Diesel-powered generators can and do save lives during a power crisis,” Schaeffer said.

Hospitals and Emergency Responders Rely On Diesel Generators During Blackouts
“Hospitals need to have reliable and self-contained power systems in the event of loss of grid power from downed electrical wires,” Schaeffer said. “Emergency responders – fire and rescue units – rely primarily on diesel power for their response apparatus, ambulances and for powering their emergency communication systems.

“Because of its unique combination of power, performance, reliability and availability, no other technology or fuel can meet the full range of needs in responding to national weather emergencies.

Diesel Power Keeps Public Safety and Water Systems Functioning
“State and local governments bear the brunt of these kinds of major weather events, and are expected to assure the continuity of essential services in the most challenging of conditions,” Schaeffer said. “With a deluge of wind and water damage, local governments need to make sure that public safety systems are operational, from the 911 emergency call centers to drinking water treatment and sewer systems.

“Diesel powered pumping systems – both portable and fixed – are in place in thousands of cities throughout the country to prevent flooding, and to keep drinking water treatment systems providing safe drinking water when the electrical power goes out.

Airports and Telecommunications Centers Rely on Diesel Generators
“Back up emergency diesel generators are the technology of choice and are in place at America’s airports and critical telecommunication centers. With a self-contained fuel supply, these diesel-powered units aren’t vulnerable to utility service interruptions such as the emergency shut-off of natural gas pipelines that are common safety procedures in natural disasters.

“Radar and telecommunications systems have their own back-up power systems and the majority depends on diesel emergency generators to restore critical electrical power during storm-related power interruptions.”

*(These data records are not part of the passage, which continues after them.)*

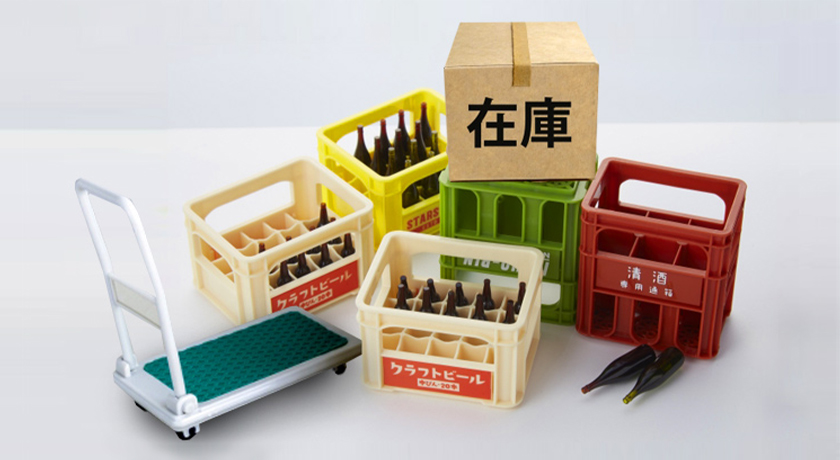 「勘」からデータへ。酒販店が実践すべき適正在庫の作り方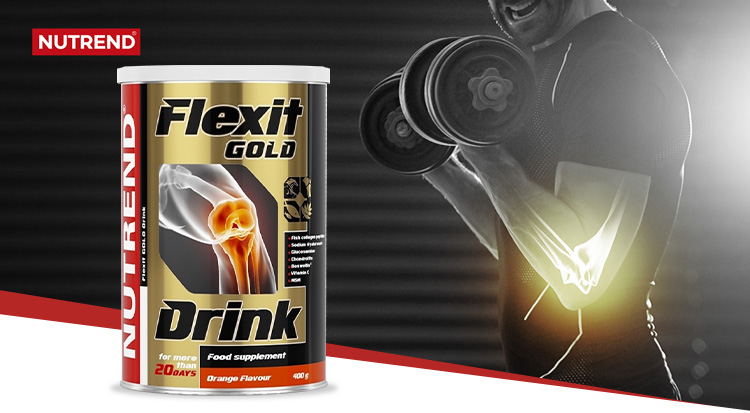 Flexit Gold Drink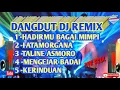 Download Lagu DANGDUT ALBUM DJ HADIRMU BAGAI MIMPI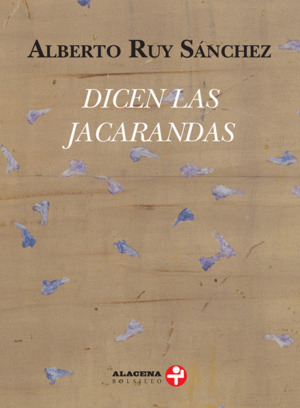 Libro Dicen Las Jacarandas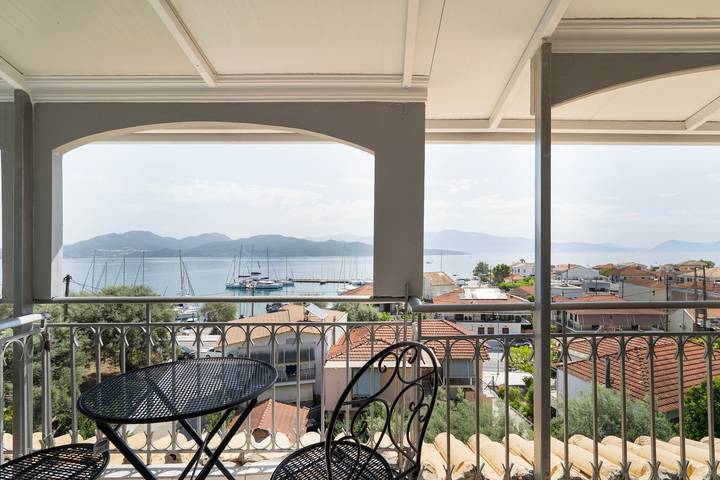 Διαμονή για 2 άτομα, με κήπο και μπαλκόνι στην Ελλάδα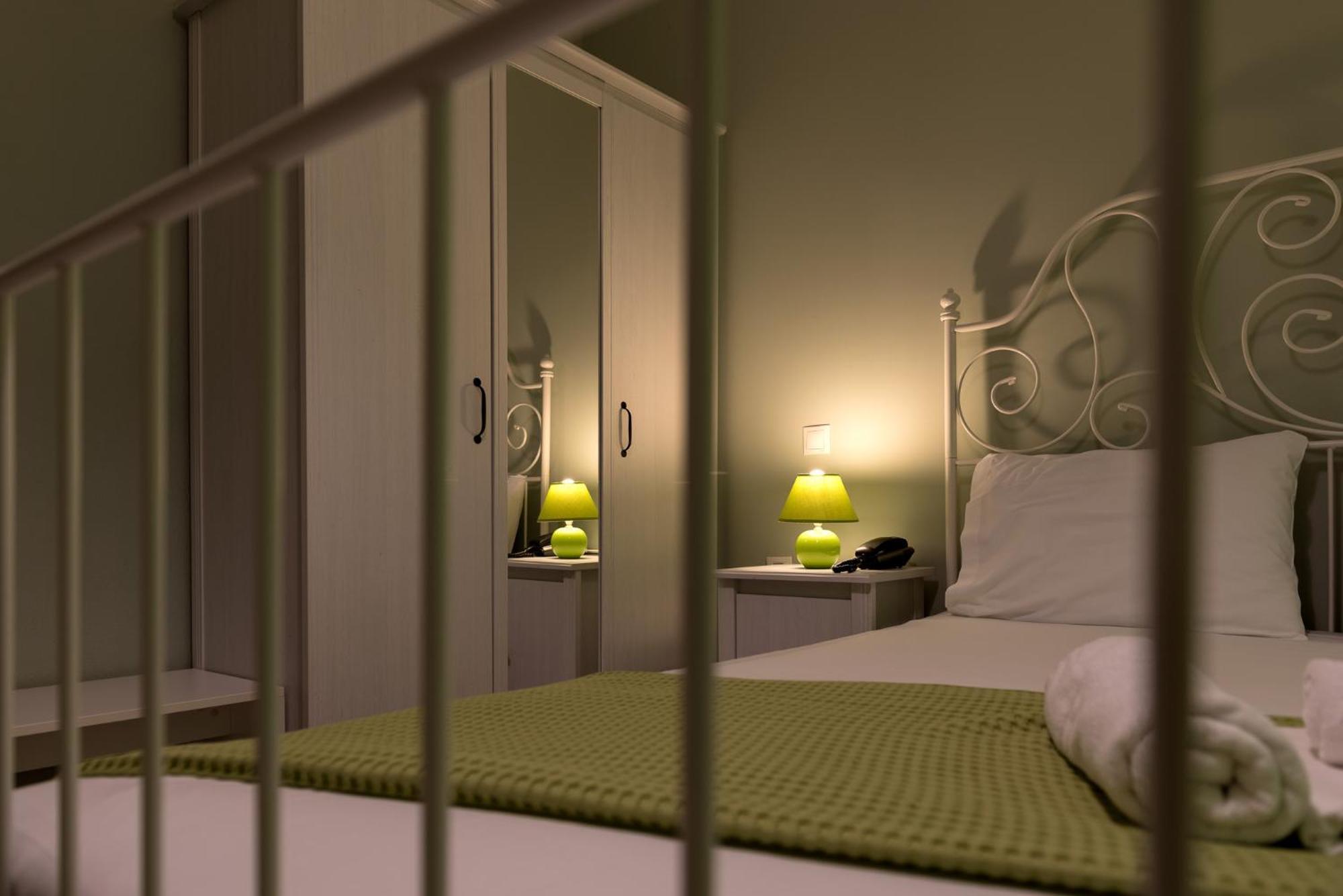 Electra Apartments & Studios ケラモティ エクステリア 写真
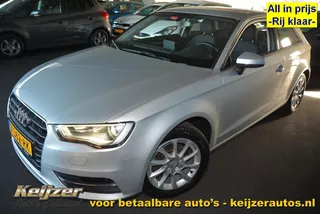 Audi A3 1.4 TFSI Ambiente Pro Line plus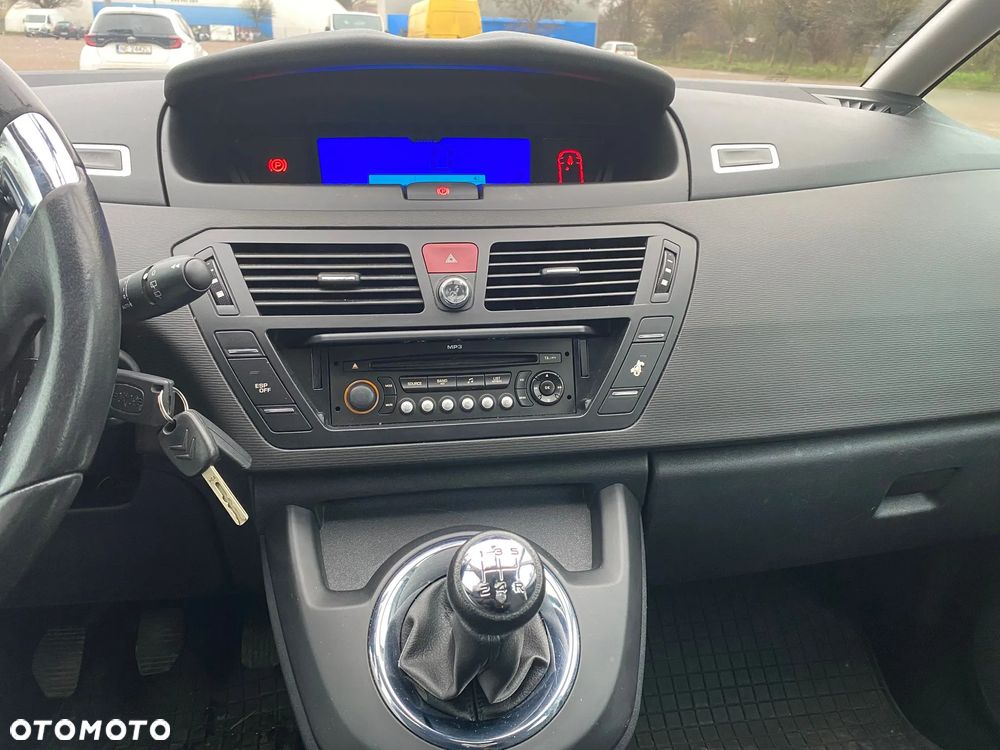 Citroën C4 Picasso - 23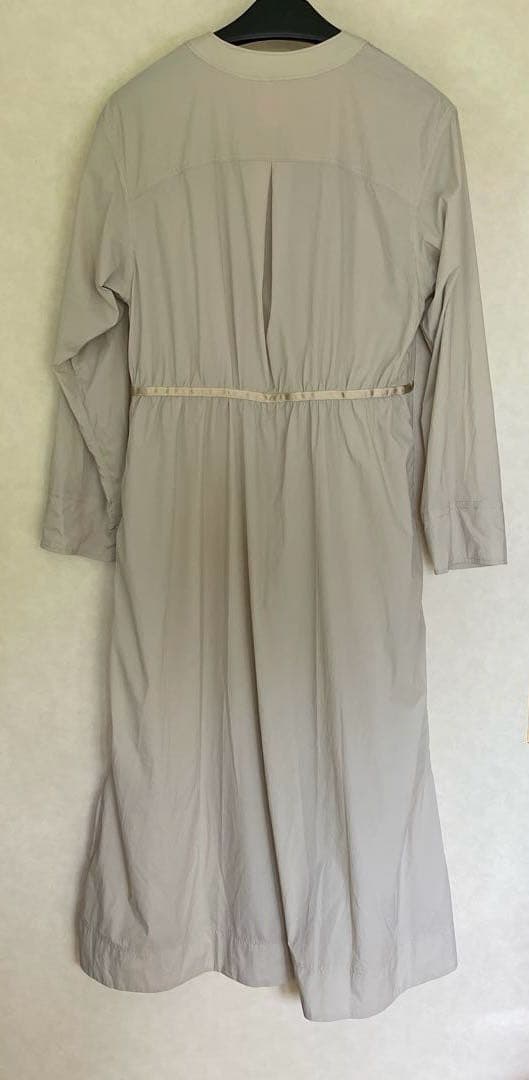 チャコット　ヨガ　エアリーワンピースコート M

Diesel Generators Are The Only Source of Power With 10-Second Start-Up Capacity
The diesel-powered generators range from about the size of automobile engines to trailer-mounted commercial central air-conditioning units. The generators can supply enough electricity to operate a municipal water plant, to provide refrigeration to a food processing facility, to power a 911 communications system, or operate all the life support systems at a major hospital. Generators are also vital to a variety of commercial customers – especially those in food storage and processing, manufacturing, aviation and aerospace.

Diesel-powered generators have proven to be the most reliable, durable, and economical source of emergency power. In almost all instances, diesel generators are the only source of power generation that meets federal and state requirements of 10-second start-up and electrical load-carrying capacity.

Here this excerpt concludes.